Net asset value. As explained above, the ETF share price hovers around its NAV. It's calculated as

$$ \text{NAV} = \frac{\text{Total Assets} - \text{Total Liabilities}}{\text{Shares Outstanding}} $$

For an ETF issuer, assets include the current value of all stocks owned, the cash, and any receivables. The liabilities include any payables or management fees. The difference, or the equity part of the balance sheet, is precisely the NAV available to the ETF shareholders. Note that normal companies value their assets at the historical cost, potentially minus depreciation, but here, ETF issuers use the current market value. This is called Mark-to-Market accounting (MTM). ETFs use MTM because their product is the current market value. If they used historical cost, new investors would be able to buy into the fund at old prices and immediately sell for current, higher prices, robbing the long-term holders.
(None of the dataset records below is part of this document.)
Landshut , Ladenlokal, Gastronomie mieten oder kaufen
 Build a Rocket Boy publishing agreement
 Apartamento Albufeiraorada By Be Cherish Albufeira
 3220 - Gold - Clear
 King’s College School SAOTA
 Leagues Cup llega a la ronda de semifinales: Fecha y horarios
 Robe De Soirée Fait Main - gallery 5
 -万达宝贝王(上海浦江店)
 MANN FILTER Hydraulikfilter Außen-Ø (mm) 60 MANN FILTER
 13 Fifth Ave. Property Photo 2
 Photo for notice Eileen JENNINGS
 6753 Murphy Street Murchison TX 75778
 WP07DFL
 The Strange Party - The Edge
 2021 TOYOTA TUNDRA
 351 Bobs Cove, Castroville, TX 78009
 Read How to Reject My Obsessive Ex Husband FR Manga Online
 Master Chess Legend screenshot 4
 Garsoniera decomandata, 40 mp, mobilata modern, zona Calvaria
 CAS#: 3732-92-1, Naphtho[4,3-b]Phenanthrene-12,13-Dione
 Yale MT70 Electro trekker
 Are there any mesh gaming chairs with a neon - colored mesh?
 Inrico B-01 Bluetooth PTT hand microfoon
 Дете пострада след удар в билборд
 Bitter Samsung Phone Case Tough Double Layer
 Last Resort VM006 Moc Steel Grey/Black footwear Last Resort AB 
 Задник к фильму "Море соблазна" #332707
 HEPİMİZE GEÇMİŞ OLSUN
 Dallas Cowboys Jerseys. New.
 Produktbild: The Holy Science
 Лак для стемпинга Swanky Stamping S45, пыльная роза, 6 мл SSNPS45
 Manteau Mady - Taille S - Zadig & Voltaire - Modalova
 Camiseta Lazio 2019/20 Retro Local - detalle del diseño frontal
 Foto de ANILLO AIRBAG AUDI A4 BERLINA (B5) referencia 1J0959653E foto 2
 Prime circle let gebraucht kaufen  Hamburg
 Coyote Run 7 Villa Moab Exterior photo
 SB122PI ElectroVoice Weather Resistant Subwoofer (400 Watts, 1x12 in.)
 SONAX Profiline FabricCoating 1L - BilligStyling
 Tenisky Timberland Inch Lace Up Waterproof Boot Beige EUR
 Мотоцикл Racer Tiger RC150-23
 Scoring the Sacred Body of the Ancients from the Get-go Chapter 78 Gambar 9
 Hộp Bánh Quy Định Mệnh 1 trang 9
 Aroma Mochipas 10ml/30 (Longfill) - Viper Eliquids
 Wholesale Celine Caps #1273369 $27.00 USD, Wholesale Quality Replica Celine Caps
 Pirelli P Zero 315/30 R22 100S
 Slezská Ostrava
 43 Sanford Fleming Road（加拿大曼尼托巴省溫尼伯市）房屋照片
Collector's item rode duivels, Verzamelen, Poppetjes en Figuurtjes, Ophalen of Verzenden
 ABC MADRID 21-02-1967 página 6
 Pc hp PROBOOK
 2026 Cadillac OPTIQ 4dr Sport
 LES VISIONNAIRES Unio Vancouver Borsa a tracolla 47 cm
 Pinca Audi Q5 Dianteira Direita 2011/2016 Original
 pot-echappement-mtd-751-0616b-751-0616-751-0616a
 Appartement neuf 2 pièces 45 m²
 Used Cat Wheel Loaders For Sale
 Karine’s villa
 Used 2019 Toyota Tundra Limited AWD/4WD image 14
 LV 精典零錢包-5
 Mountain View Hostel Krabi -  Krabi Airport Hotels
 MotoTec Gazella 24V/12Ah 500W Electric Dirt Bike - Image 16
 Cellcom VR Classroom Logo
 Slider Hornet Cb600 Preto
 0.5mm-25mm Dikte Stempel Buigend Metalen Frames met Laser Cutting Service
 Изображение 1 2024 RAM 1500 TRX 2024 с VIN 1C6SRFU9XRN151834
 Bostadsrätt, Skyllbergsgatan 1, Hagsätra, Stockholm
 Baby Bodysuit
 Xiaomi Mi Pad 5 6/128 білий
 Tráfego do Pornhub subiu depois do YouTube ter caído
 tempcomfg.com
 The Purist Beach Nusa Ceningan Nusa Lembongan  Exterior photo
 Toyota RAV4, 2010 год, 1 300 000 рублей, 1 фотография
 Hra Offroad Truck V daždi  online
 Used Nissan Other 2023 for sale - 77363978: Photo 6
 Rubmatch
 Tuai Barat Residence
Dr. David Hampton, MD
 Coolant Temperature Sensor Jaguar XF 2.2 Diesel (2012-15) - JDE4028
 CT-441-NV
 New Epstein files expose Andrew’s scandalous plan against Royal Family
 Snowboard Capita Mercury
Mark-to-market prevents this theft.

Timing aspects. The NAV is calculated once a day, after markets close and the closing prices for every stock can be obtained. This is easier said than done, because for ETFs holding stocks across different countries, at the time of calculating the NAV, in some countries the market could be closed, while in others not yet. To avoid stale pricing, the ETF managers may have to look at proxy instruments, like futures, to get a sense of what the current fair value of the stock in the closed market ought to be. They would then adjust the closing price from the closed market, which could be flat from many hours now, to estimate the current fair value. Even though the NAV is calculated once per day, there are approximations to it, like the iNAV, which are calculated throughout the day.